La 1ère phase , qui correspond à la programmation 2009-2014, privilégiera :

- la réduction du format et parallèlement la modernisation de l'outil de combat aéroterrestre ;

- la réduction du format et parallèlement la modernisation progressive de l'outil de combat aérien, privilégiant les capacités de pénétration et de frappe en soutien des forces terrestres ;

- la modernisation de la capacité de maîtrise du milieu sous-marin (frégates anti-sous-marine et sous-marins nucléaires d'attaque) ;

- la résorption du déficit en transport aérien stratégique et de l'aéromobilité ;

- l'adaptation de la capacité amphibie ;

- la remise à niveau des stocks de munitions.

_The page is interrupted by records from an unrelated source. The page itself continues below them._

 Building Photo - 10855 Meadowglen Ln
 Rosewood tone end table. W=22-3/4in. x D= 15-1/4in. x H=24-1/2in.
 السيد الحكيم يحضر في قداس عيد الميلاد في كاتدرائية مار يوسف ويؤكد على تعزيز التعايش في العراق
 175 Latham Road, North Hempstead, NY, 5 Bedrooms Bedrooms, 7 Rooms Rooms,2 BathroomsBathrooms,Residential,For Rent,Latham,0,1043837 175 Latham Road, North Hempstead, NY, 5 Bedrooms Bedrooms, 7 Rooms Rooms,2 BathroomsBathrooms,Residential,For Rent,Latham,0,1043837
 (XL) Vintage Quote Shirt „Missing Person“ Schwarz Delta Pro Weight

La seconde phase , après 2015, doit porter sur l'accélération du renouvellement de la flotte de surface, notamment des frégates, sur l'accélération de la modernisation de l'outil aérien, notamment en volume et en drones, sur la poursuite de la modernisation des forces terrestres et le renforcement des capacités de frappe de précision dans la profondeur (notamment missile de croisière naval).

Cet ordre de priorité dans le cadencement des livraisons de matériels amène à consentir certaines réductions temporaires de capacités qui ont été jugées admissibles au regard des contrats opérationnels et compatibles avec les financements prévus.

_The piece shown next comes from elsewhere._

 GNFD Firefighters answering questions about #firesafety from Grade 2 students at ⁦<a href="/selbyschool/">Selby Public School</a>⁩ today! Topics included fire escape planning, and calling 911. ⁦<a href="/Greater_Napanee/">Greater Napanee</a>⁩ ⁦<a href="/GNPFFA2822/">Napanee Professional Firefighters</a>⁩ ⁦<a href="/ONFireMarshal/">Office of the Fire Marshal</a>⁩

C'est le cas notamment pour la flotte de surface , étant donné le nombre de frégates de 1 er rang, mais également le report de près de cinq ans du financement des patrouilleurs de haute mer.

Pour les forces terrestres, le parc des hélicoptères de manoeuvre connaîtra une période très délicate à copter de 2010 et au moins jusqu'en 2015, durant la rénovation des Puma et avant l'arrivée du NH90. Le parc de blindés légers sera également en sous-capacité de 2013 à 2018, en l'attente de son renouvellement par l'engin blindé de reconnaissance de combat (EBRC) et le véhicule blindé multirôle (VBMR).

L' aviation de combat connaîtra un creux capacitaire sur la période 2014-2018. Quant au déficit en matière de transport aérien stratégique et tactique , il va s'aggraver ave le retard de livraison de l'A400M et imposera des mesures palliatives.